Each pair will be sold with a Louis Vuitton pilot case in monogram-embossed orange leather, with a 3D tag in orange leather with a white swoosh on top. To coincide with the sale, the shoes and the sneaker trunk, which is also exclusive to the auction, will be exhibited in the lobby of Sotheby’s New York from Wednesday to Feb. 8.
The event will precede the commercial launch of the Louis Vuitton and Nike “Air Force 1” by Virgil Abloh, which will be available in limited quantities and exclusively through the Louis Vuitton store network, the company said.
Abloh, the founder of luxury streetwear brand Off-White and artistic director of men’s wear at Louis Vuitton, was involved in the beginning organization of the auction and its surrounding events. “The auction will take place in association with his family,” Vuitton said.
Abloh designed 47 pairs of Nike “Air Force 1” sneakers for the spring show, bringing together his two biggest brand partners in an homage to hip-hop culture. Vuitton said it plans to stage an exhibition of all the designs, made in its shoemaking workshop in Italy, with details to be revealed at a later date.
In the notes for the collection, revealed in a film called “Amen Break,” the brand said the partnership was inspired by the cover of the 1988 album It Takes Two by hip-hop duo Rob Base and DJ E-Z Rock. It shows E-Z Rock wearing a Nike Air Force 1 basketball trainer altered with a swoosh adorned in the LV monogram.
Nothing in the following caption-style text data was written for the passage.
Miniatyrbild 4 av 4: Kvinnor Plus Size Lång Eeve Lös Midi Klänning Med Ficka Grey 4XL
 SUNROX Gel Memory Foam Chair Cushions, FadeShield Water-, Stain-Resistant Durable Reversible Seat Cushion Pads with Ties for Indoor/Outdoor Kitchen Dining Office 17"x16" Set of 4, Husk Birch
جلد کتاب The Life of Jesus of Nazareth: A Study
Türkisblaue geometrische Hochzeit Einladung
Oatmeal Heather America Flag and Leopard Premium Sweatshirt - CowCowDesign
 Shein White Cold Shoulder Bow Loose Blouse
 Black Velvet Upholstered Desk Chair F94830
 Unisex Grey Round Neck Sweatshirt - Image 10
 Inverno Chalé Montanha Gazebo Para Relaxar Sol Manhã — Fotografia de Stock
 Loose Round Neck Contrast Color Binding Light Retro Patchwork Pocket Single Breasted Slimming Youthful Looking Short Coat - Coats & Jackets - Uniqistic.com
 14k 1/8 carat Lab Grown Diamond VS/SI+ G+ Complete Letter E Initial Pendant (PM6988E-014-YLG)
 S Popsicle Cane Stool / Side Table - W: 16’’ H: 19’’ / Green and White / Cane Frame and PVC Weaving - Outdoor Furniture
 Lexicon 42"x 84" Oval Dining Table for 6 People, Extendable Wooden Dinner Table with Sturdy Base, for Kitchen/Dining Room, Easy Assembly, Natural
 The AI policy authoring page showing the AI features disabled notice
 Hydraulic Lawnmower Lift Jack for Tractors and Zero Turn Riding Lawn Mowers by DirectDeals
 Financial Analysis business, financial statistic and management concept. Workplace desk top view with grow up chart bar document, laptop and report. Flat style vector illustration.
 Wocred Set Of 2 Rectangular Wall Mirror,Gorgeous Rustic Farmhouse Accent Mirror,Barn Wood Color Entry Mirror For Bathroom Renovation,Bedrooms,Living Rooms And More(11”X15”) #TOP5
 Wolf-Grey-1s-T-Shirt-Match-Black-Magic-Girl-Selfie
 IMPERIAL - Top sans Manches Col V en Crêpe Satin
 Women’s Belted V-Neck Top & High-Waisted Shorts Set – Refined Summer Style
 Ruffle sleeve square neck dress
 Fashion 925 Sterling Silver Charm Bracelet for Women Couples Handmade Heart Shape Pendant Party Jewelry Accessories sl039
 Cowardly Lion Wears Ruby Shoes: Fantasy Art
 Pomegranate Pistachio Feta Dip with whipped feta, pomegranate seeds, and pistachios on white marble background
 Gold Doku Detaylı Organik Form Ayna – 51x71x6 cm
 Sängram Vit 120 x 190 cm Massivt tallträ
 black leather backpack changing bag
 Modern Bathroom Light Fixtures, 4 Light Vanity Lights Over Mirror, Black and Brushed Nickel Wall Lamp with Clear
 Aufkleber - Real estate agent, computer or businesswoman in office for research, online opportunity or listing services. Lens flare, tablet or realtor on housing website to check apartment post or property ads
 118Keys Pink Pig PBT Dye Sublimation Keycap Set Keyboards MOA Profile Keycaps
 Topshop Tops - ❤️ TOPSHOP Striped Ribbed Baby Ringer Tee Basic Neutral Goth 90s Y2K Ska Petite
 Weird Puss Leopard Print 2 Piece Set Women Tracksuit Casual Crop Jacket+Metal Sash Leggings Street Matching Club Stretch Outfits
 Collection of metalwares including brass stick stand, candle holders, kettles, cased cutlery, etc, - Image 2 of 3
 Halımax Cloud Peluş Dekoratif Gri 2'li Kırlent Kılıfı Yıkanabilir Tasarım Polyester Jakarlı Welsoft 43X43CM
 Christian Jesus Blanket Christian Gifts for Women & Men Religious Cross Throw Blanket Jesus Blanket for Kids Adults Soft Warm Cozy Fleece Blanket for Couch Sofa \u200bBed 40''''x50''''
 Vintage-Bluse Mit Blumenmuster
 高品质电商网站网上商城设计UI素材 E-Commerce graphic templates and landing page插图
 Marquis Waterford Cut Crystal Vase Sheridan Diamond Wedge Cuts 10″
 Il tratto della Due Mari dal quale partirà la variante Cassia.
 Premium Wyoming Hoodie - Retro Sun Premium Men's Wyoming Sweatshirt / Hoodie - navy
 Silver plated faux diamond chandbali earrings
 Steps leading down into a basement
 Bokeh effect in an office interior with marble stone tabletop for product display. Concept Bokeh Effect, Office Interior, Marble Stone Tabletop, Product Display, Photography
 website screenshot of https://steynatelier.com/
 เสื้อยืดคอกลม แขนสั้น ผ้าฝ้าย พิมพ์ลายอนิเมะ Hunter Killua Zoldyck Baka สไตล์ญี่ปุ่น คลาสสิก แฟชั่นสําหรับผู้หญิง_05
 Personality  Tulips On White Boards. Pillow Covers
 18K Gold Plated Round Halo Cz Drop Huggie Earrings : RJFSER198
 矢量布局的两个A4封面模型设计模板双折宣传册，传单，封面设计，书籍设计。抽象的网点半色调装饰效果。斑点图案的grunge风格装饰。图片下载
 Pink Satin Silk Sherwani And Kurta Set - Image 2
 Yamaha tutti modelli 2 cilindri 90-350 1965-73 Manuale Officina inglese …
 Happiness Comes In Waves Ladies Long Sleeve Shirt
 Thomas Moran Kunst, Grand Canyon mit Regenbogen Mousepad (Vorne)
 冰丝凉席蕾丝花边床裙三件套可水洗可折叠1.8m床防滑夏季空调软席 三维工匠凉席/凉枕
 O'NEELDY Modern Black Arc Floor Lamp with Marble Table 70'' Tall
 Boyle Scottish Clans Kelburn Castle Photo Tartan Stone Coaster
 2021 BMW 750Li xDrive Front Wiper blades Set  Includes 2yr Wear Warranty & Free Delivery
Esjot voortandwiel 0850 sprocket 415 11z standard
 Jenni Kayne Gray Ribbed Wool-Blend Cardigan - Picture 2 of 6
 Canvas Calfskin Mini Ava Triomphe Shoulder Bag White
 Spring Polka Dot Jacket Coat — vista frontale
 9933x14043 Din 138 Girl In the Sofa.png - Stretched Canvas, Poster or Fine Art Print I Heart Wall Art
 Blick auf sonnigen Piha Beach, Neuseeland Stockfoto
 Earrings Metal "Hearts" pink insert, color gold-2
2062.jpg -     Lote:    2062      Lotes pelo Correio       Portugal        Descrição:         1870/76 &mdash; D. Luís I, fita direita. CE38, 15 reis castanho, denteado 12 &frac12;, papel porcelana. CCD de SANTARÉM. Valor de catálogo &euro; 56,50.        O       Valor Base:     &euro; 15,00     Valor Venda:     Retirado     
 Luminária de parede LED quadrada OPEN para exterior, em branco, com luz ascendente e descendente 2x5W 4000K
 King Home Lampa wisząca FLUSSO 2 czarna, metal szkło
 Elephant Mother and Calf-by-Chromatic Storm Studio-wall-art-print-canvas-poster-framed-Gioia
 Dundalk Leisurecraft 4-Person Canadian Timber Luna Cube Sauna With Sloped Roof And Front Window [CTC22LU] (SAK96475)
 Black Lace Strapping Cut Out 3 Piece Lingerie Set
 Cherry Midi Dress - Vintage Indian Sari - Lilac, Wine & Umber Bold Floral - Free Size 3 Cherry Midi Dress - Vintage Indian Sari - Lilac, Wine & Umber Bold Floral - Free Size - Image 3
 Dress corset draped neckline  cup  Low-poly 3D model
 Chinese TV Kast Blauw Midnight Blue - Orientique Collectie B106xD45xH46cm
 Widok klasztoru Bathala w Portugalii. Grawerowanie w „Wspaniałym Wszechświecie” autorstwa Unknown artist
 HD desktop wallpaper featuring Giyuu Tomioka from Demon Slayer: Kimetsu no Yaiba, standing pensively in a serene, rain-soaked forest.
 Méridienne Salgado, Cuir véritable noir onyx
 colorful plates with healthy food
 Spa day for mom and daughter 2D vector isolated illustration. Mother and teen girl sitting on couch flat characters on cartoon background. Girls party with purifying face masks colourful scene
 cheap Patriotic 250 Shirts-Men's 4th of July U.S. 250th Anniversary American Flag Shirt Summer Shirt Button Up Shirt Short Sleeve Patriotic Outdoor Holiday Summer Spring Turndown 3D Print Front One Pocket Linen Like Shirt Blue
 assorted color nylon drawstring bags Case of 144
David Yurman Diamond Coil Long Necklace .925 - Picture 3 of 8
“The cover embodied the hip-hop community’s early practice of hacking together high fashion and sportswear, sidelining diverging brands with equal reverence. A cultural symbol in its own right, today the Nike Air Force 1 serves as an objet d’art emblematic of self-generated subcultural provenance,” Vuitton said at the time.
To distinguish them from the original Nike Air Force 1, the sneakers were made with materials employed in Abloh’s Louis Vuitton men’s collections, and were styled with quote marks, a signature of Off-White, which has a highly successful collaboration with Nike.
The style in the Sotheby’s auction features the word “Air” written on the sole, and the French word “Lacet” on the laces. From Wednesday, in the lead-up to the auction, select individuals who inspired Abloh and the collaboration will receive pairs in exclusive colorways that will not be commercialized.
Abloh had established a long-term partnership with the Fashion Scholarship Fund to launch his scholarship fund, which was endowed with a personal donation from the designer and matching funds from his partners Evian, Farfetch, Louis Vuitton, New Guards Group and Nike. It supports the education of academically promising students of Black, African American, or African descent.
“As a Black designer, I found my way through school, and a mixture of creative projects, and I had to make a name for myself. That took a lot of years and a lot of meetings and a lot of runway shows and a lot of work, and I wanted to make that door open for a younger generation to sort of have a pathway that stays open,” Abloh told WWD at the time.
“I was a student on a campus that was largely not as diverse as the world is. And it’s important to set up this foundation specifically for Black students who may feel like in the industry of fashion, they don’t see many people that they can identify with,” he added.
Abloh said he named the fund “Post Modern” because recipients would also have access to career support services and mentoring.